In Europe gradual change occurred from similar origins by different routes. The conflict between practical competence, reputation and experience and the scholarly university study of classical learning and commentary was evident, though contact with the millennial golden age of learning in medicine and mathematics from Arabia was more likely to percolate through from the South with the Islamic control of North Africa and the Iberian Peninsula.

France followed a similar path to England and Scotland. Germany and the Netherlands, (possibly due to the more radical reformation) focussed less on the old ways and university regulations and degrees. They were more influenced by competency through experience and apprenticeship. They assessed their students by the recommendation of their masters and patients but the concept that exposure was sufficient rather than a testing of competence allowed for much variability in the years and quality of training. As a new country the United States started with little or no regulation. Unlike Europe, medical training was developed piecemeal often only requiring brief apprenticeships, usually but not exclusively, in hospital.
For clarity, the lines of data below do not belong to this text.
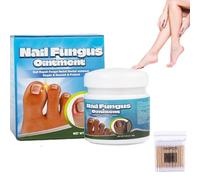 Onguent rapide contre les mycoses des ongles, action rapide pour les ongles des pieds et des mains, soin quotidien doux pour les ongles des pieds et des mains, renforce et restaure (1 pièce)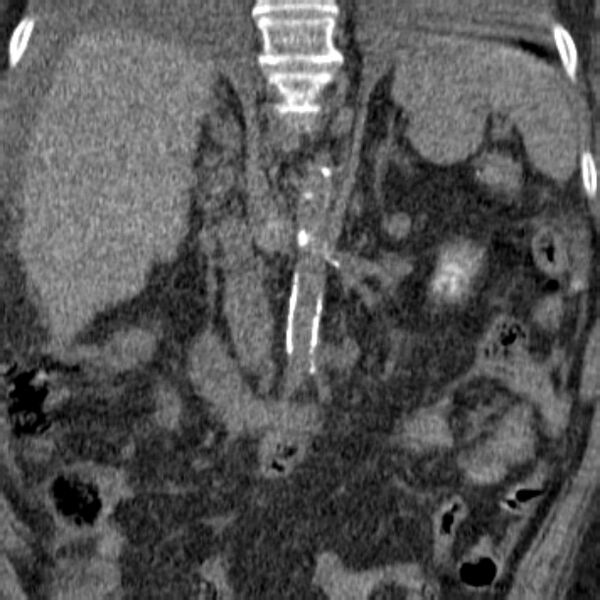 File:Acute tubular necrosis (Radiopaedia 28077-28334 Coronal non-contrast 4).jpg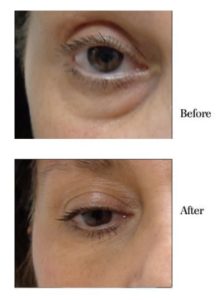 juvederm sarasota, fl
Until the twentieth century there were no nationally accepted experiential or academic qualifications needed to obtain a licence to practice through one of the numerous competing institutions.  William Osler (1849-1919) at Johns Hopkins Hospital in Maryland was arguably the founder of the gold standard to be followed by the rest of the world through a structured postgraduate residency training of seven or eight years in a well-funded teaching hospital. This innovation leapfrogged  through the idea arising from 1858 of making a doctor safe to practice independently on graduating. Osler introduced the concept of competence testing of practical procedures particularly for special roles.

Since 1950, with the development of an international market for medical professionals there has been increasing standardisation of the content of training and competency in identified  professional activities and academic knowledge in addition to requirements for a good professional standing. The expansion of technology as well as biological sciences and the dependence on other health practitioners in the provision of health services suggest it is time to reconsider a root and branch reform comparable to the Elizabethan Code of Henry VIII or the 1858 Medical Act to train personnel to service the complex needs of individual and public health services and to consider whether the aim to provide a safe practitioner using a single core training has outlived its usefulness.